== What you need to do ==
Further down are entries; set down exactly and only the lines from the one with "Senecio integerrimus" up to and including the one with "Snapshot of Hanover", dropping each picture.

"""

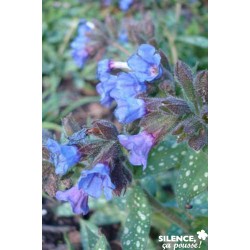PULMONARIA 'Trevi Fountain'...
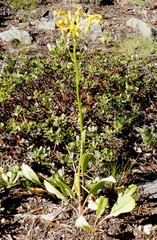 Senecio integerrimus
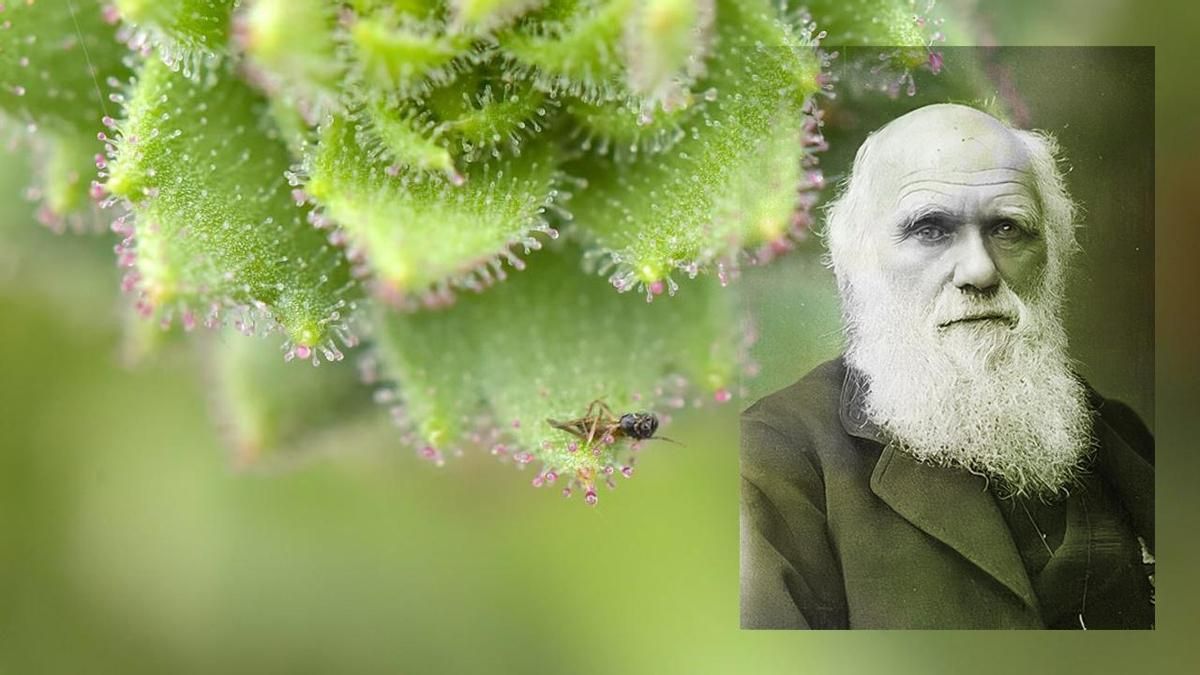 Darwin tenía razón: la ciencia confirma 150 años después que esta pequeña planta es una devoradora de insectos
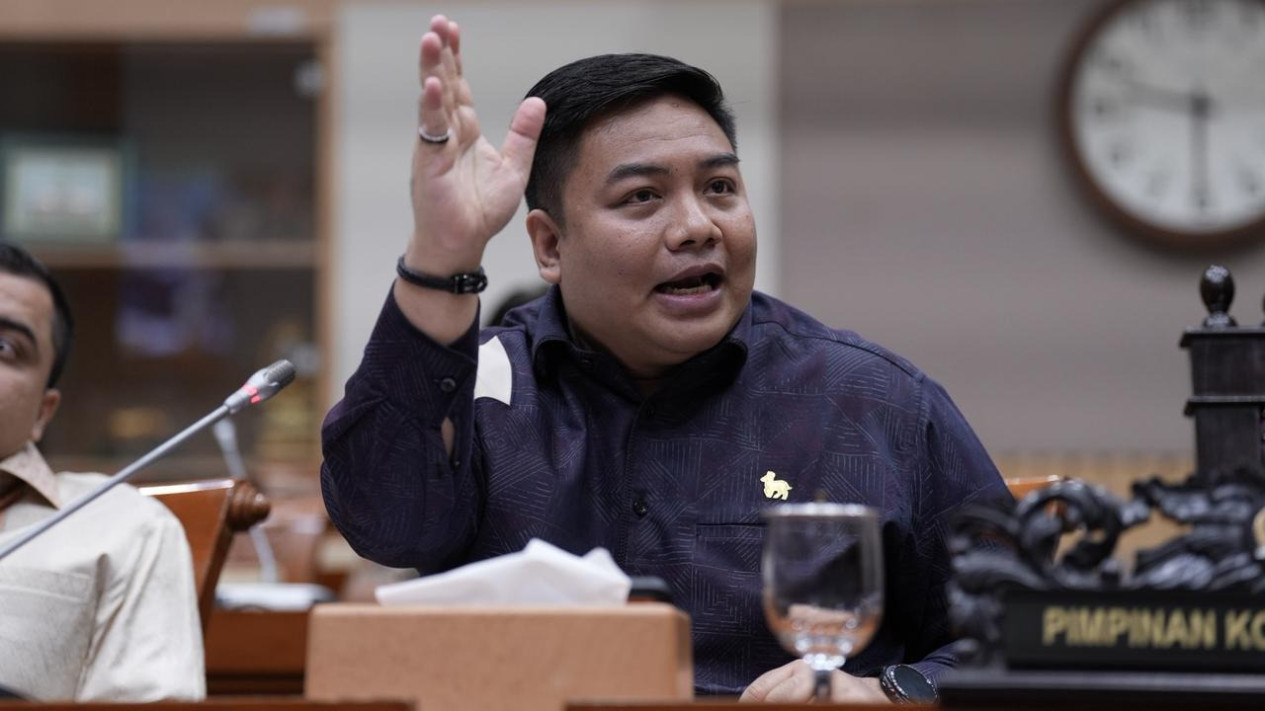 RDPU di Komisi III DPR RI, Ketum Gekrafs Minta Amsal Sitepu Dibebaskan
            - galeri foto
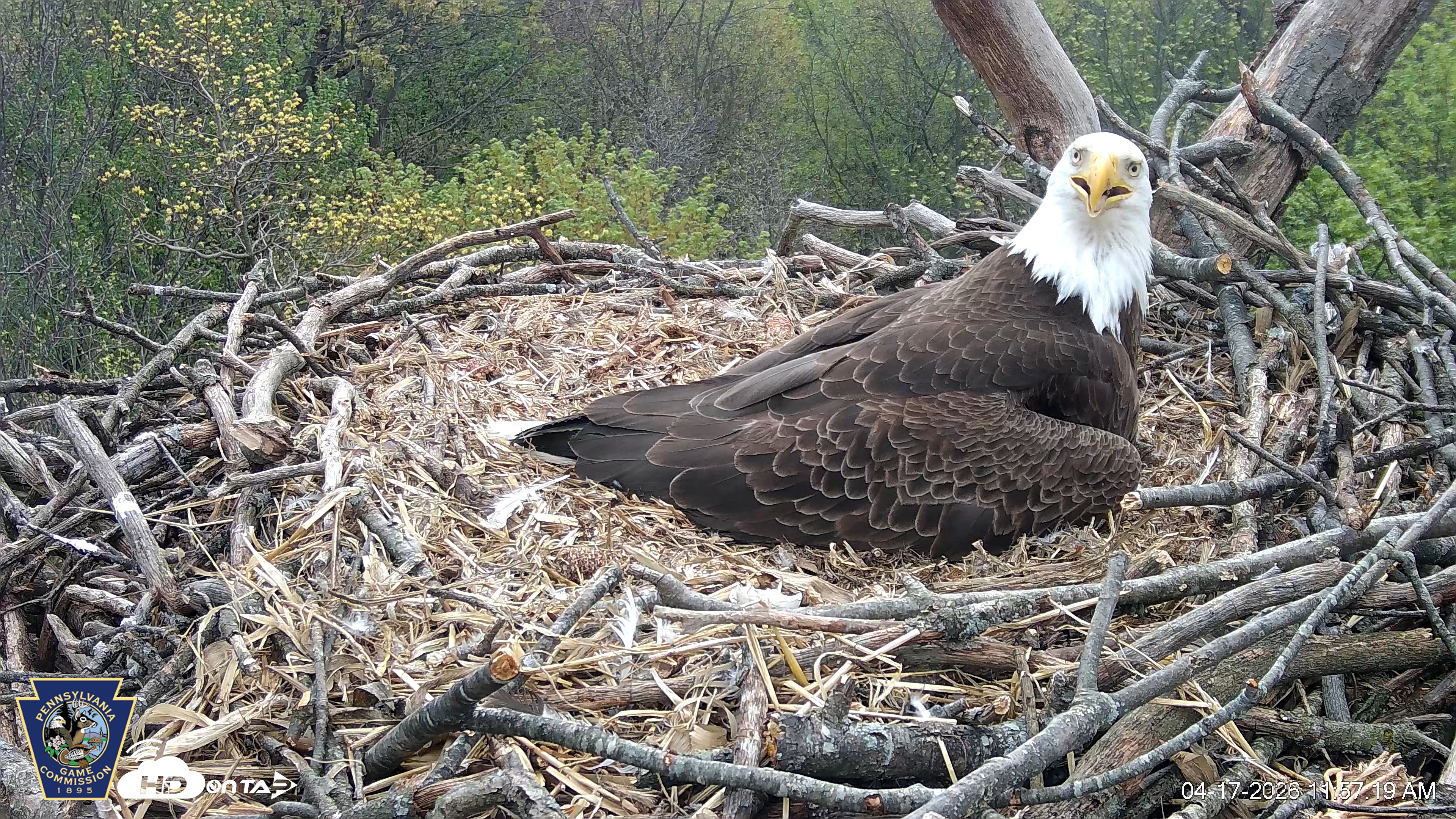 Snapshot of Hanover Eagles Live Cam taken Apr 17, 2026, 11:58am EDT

"""
"""

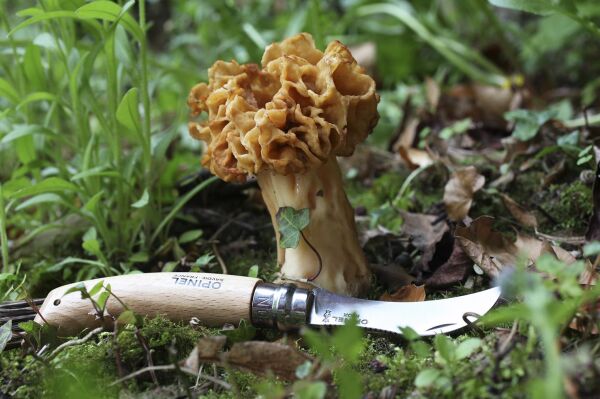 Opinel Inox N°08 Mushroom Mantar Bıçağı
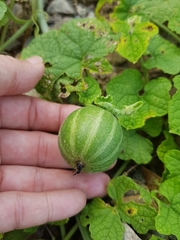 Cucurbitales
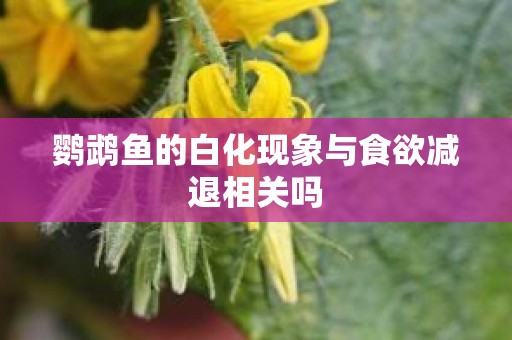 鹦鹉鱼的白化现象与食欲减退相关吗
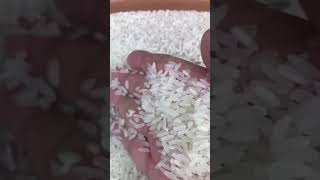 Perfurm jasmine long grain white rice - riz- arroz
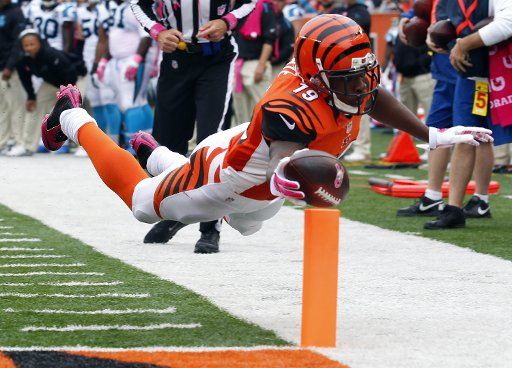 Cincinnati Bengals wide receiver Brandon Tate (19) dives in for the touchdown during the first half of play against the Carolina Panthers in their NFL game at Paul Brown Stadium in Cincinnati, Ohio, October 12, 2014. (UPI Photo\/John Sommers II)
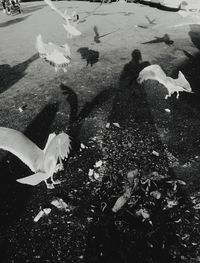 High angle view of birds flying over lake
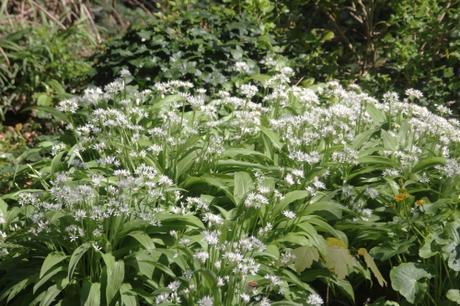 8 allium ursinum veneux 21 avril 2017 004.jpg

"""

== Solved exercise ==
 Senecio integerrimus
 Darwin tenía razón: la ciencia confirma 150 años después que esta pequeña planta es una devoradora de insectos
 RDPU di Komisi III DPR RI, Ketum Gekrafs Minta Amsal Sitepu Dibebaskan
            - galeri foto
 Snapshot of Hanover Eagles Live Cam taken Apr 17, 2026, 11:58am EDT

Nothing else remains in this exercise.